Eigentlich hätte sie schon gestern beginnen sollen, dann wurde sie auf heute verschoben - jetzt soll es der Freitag werden: Der Auftakt für Venezuelas heftig umstrittene verfassunggebende Versammlung ist weiter ungewiss. Generalstaatsanwältin Ortega ermittelt wegen möglichen Wahlbetrugs.
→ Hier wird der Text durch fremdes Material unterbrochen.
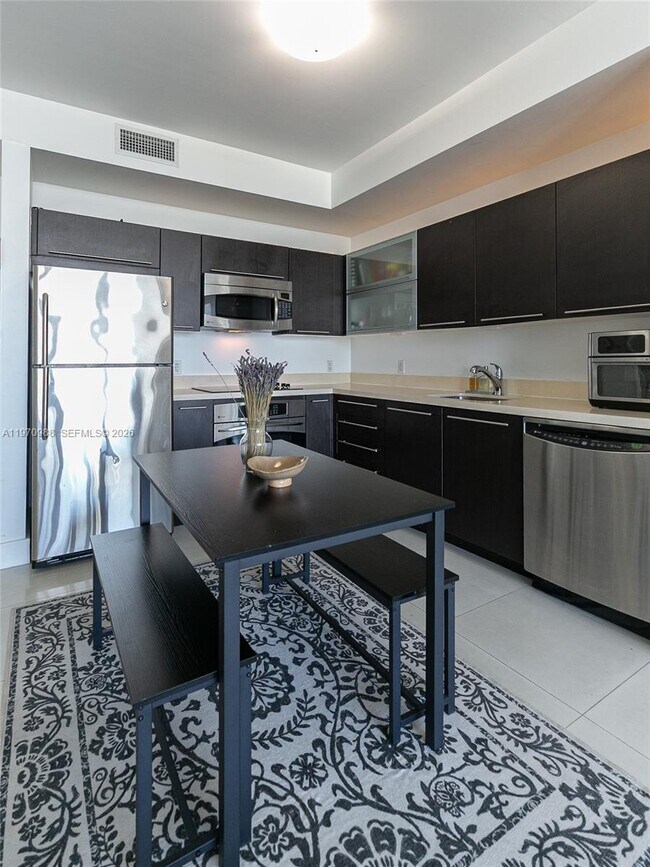 Building Photo - 90 SW 3rd St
Venezuelas Staatschef Nicolás Maduro hat die konstituierende Sitzung der umstrittenen neugewählten verfassunggebenden Versammlung auf morgen verschoben. Die Sitzung solle "in Frieden" verlaufen, sagte Maduro am Mittwochabend während einer öffentlichen Veranstaltung mit einigen der neuen Vertreter. Die Wahlbehörde des Landes müsse zudem noch 35 Mitgliedern der Versammlung ihre Berechtigungsnachweise übergeben. Ursprünglich sollte die Zeremonie am Donnerstag stattfinden.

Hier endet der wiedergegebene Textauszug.